A faithful copy of the data, pictures omitted, is the required answer.

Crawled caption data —
---*---

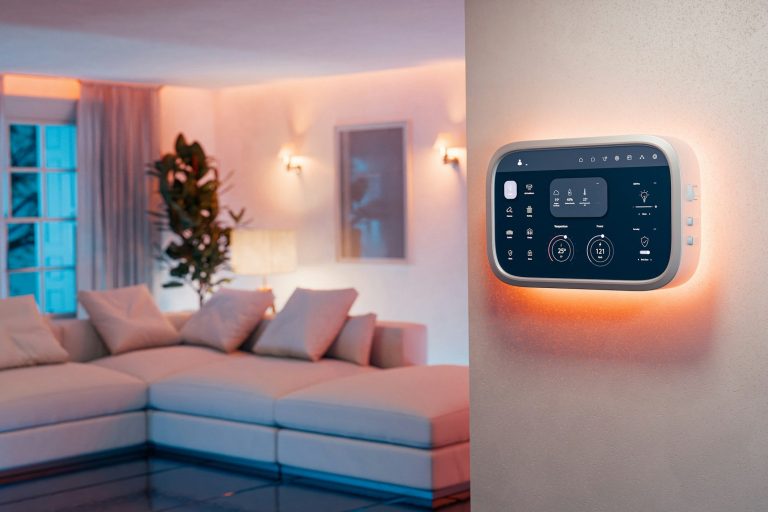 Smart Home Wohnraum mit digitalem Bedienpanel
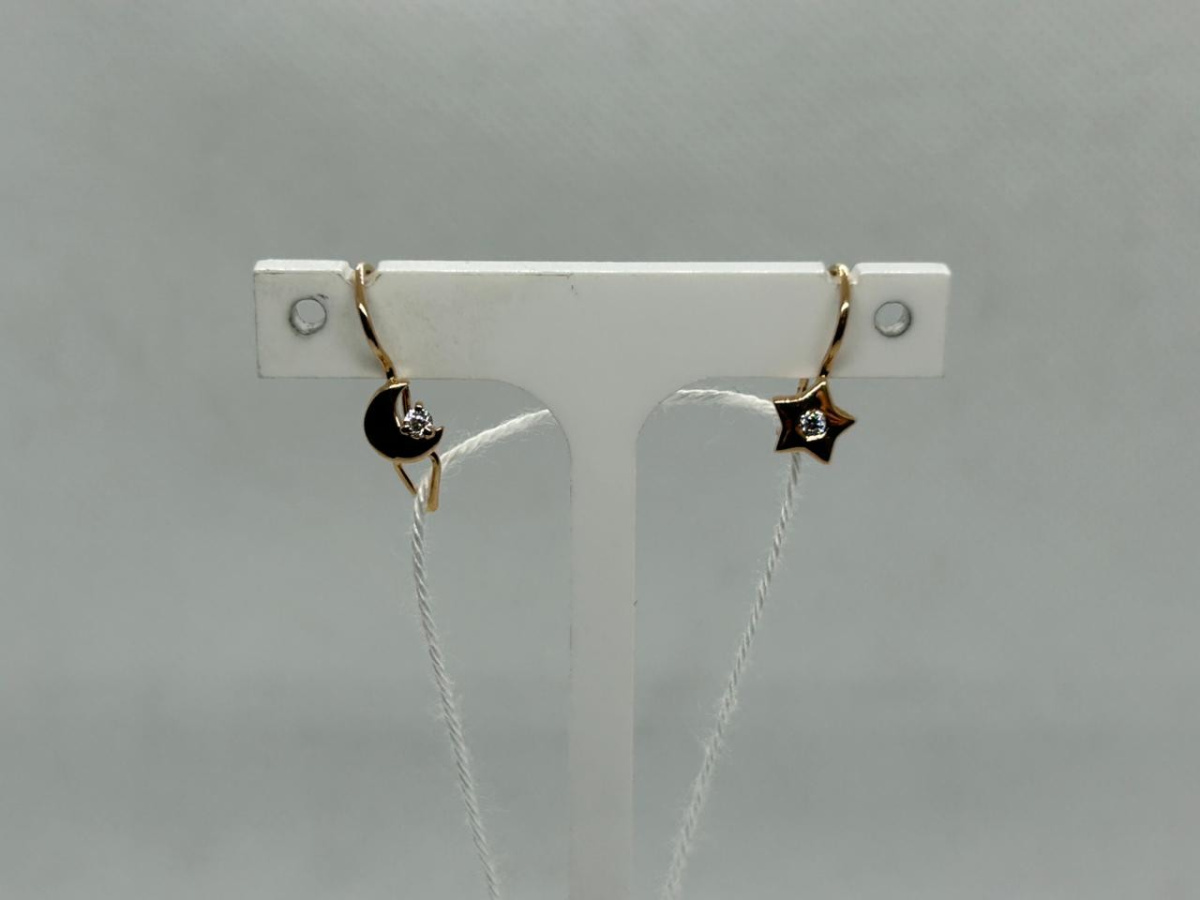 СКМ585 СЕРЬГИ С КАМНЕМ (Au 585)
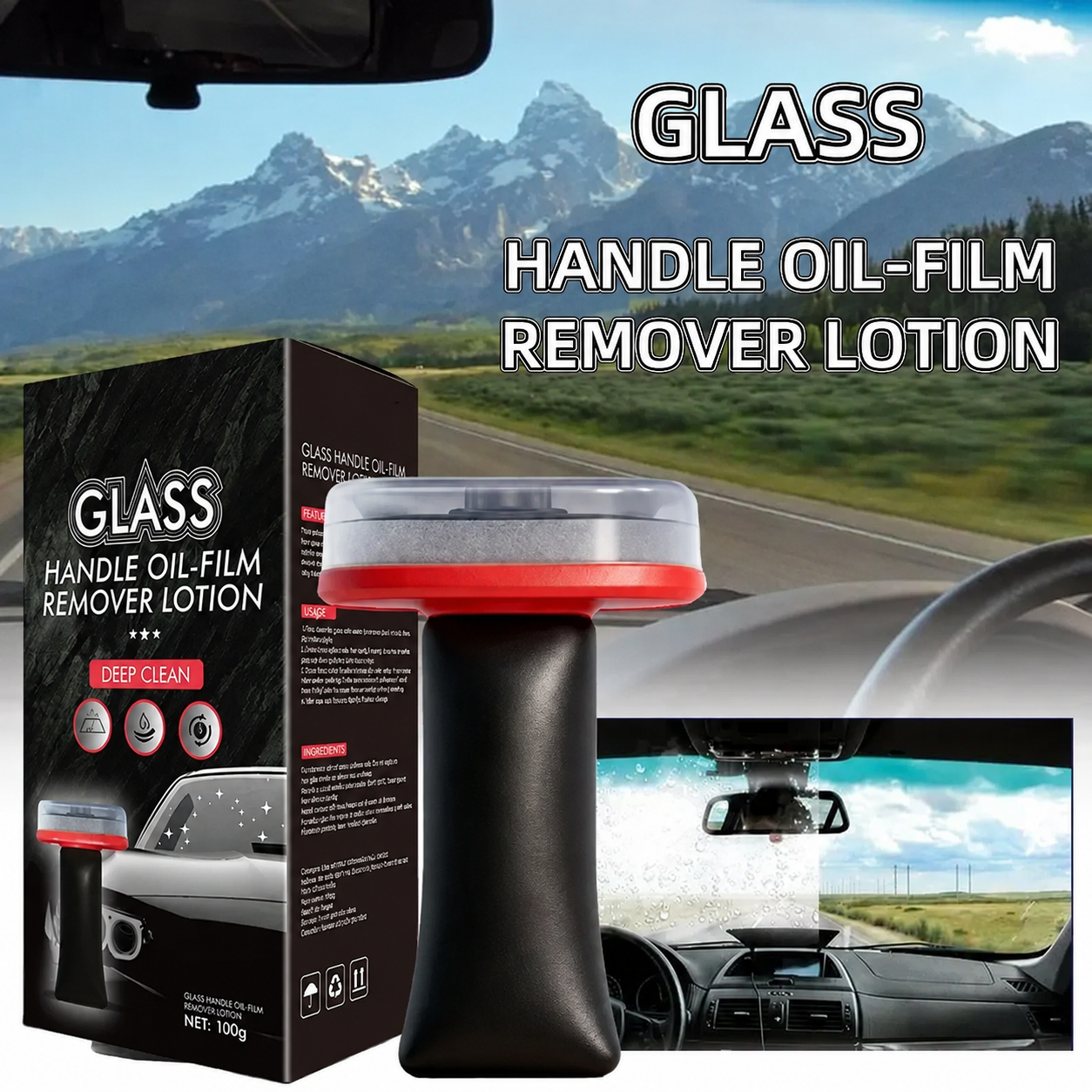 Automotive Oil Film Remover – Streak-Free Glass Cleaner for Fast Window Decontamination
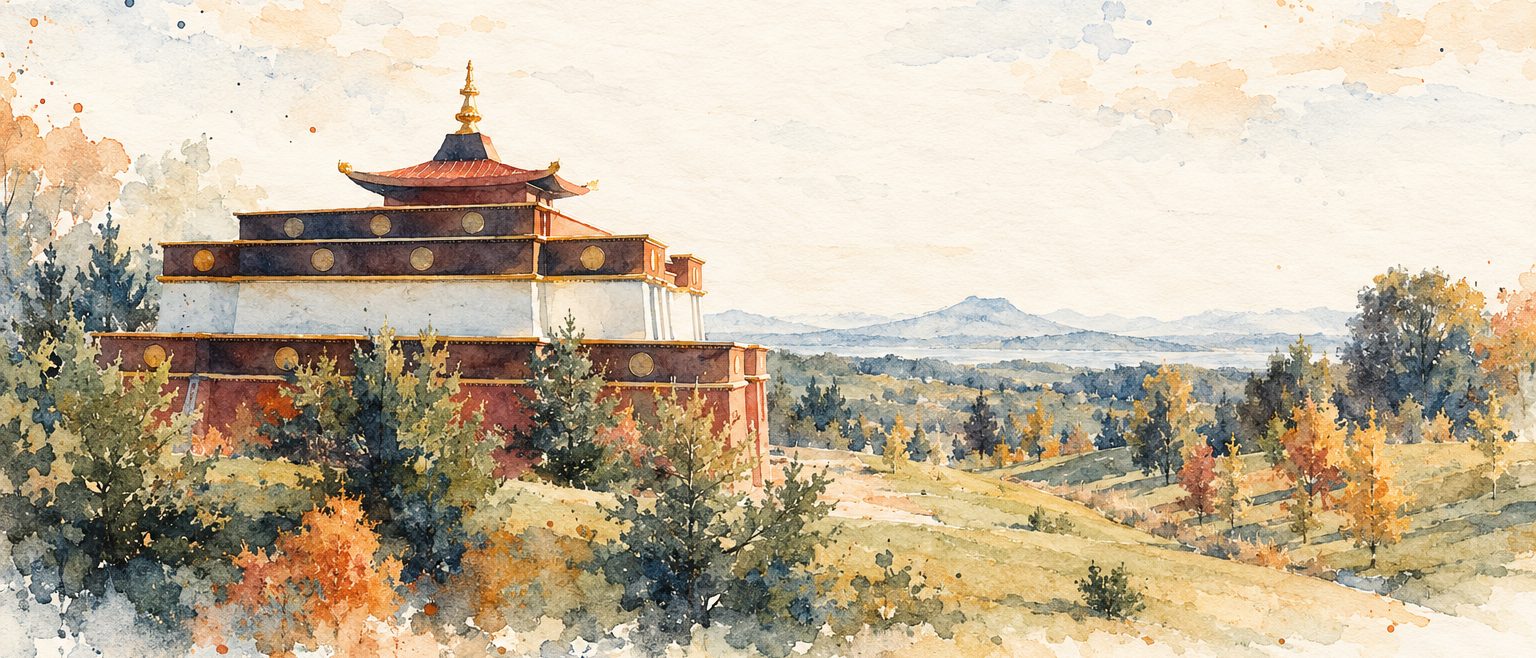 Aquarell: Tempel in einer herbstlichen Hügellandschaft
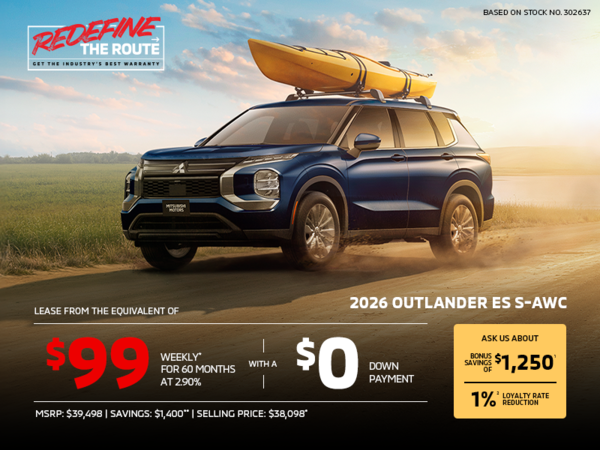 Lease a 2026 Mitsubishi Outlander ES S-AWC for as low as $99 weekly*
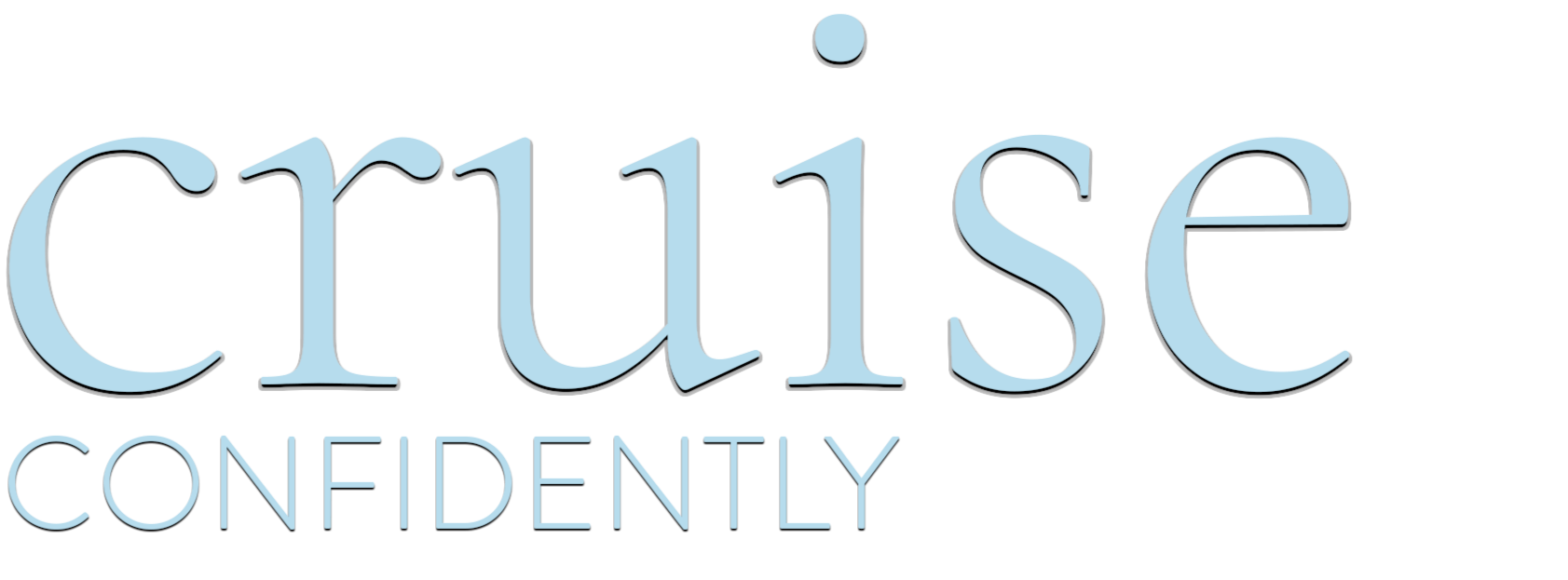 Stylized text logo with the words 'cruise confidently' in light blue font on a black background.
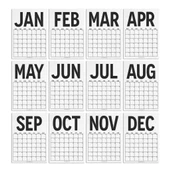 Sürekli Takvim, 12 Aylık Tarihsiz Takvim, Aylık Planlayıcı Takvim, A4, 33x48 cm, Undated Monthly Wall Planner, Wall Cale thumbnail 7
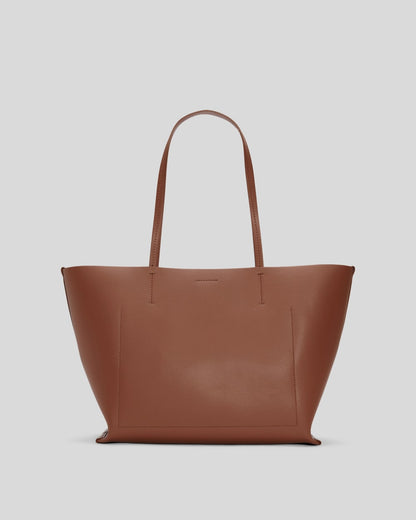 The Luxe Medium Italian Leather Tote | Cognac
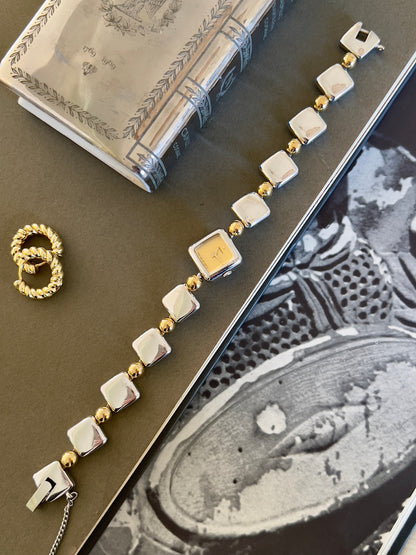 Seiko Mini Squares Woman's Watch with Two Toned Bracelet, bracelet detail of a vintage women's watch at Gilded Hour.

---*---

RESPONSE —
 Smart Home Wohnraum mit digitalem Bedienpanel
 СКМ585 СЕРЬГИ С КАМНЕМ (Au 585)
 Automotive Oil Film Remover – Streak-Free Glass Cleaner for Fast Window Decontamination
 Aquarell: Tempel in einer herbstlichen Hügellandschaft
 Lease a 2026 Mitsubishi Outlander ES S-AWC for as low as $99 weekly*
 Stylized text logo with the words 'cruise confidently' in light blue font on a black background.
 Sürekli Takvim, 12 Aylık Tarihsiz Takvim, Aylık Planlayıcı Takvim, A4, 33x48 cm, Undated Monthly Wall Planner, Wall Cale thumbnail 7
 The Luxe Medium Italian Leather Tote | Cognac
 Seiko Mini Squares Woman's Watch with Two Toned Bracelet, bracelet detail of a vintage women's watch at Gilded Hour.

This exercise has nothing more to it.